Commenting on the acquisition, Office Media Group Corporate VP Chris Pratley described Clipchamp as “a natural fit to extend the cloud-powered productivity experiences in Microsoft 365 for individuals, families, schools, and businesses”.
Addressing existing Clipchamp users, Pratley said that “it’s all going to get better with more options, more power, and the easy creation experience you love”.
Microsoft didn’t reveal the financial details of the transaction and didn’t specify when Clipchamp will become available on Office 365. However, a spokesperson for the tech giant told CNBC that it “will have a process to eventually convert existing Clipchamp users/customers to Microsoft subscribers”.
Founded in 2014, Clipchamp is headquartered in Brisbane, Australia, with around 90 employees. In April 2020, the company announced plans to open its first US office in Seattle, 25km away from Microsoft’s main headquarters in Redmond, Washington. Prior to the acquisition, the tech giant had featured Clipchamp in its Insider Preview Build, helping it to significantly grow its customer base.
In July 2021, Clipchamp announced that it had surpassed 17 million registered users across 390,000+ companies, with a year over year increase of 54%. The achievement was largely credited to the shift to remote working, with office workers turning to video-editing tools to create presentations, training videos, and other corporate communications.
“While social media videos have always been at the forefront of business needs, during the past year we’ve also witnessed the rapid adoption of internal communication use cases where there is a lot of screen and webcam recording taking place in our platform,” Clipchamp CEO Alexander Dreiling said at the time.
“The need for video templates has also accelerated, with templates usage up more than 180% YOY, because they allow users with limited video editing skills and time to create a professional-grade video within minutes.”
The heightened demand for video-editing services has led to tech giants choosing to invest, sometimes heavily, in companies offering such tools.
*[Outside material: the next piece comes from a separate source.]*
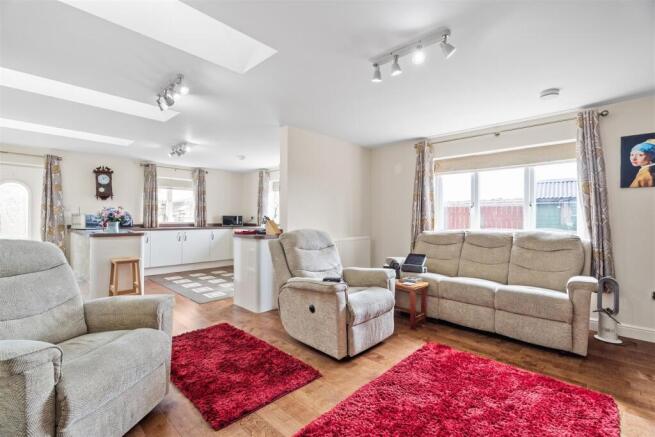 4 bed Detached for sale Image 6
Last month, Adobe splashed out $1.276 billion (roughly £937m) on video collaboration start-up Frame.io, while in September 2020, Oracle took a 12.5% stake in TikTok Global – which Microsoft was also interested in buying.
News of Microsoft's Clipchamp acquisition comes just weeks after the tech giant announced price increases for its Office 365 subscriptions in a bid to add new "innovations" to the service, including the addition of “unlimited dial-in capabilities for Microsoft Teams meetings” for its enterprise, business, frontline, and government customers.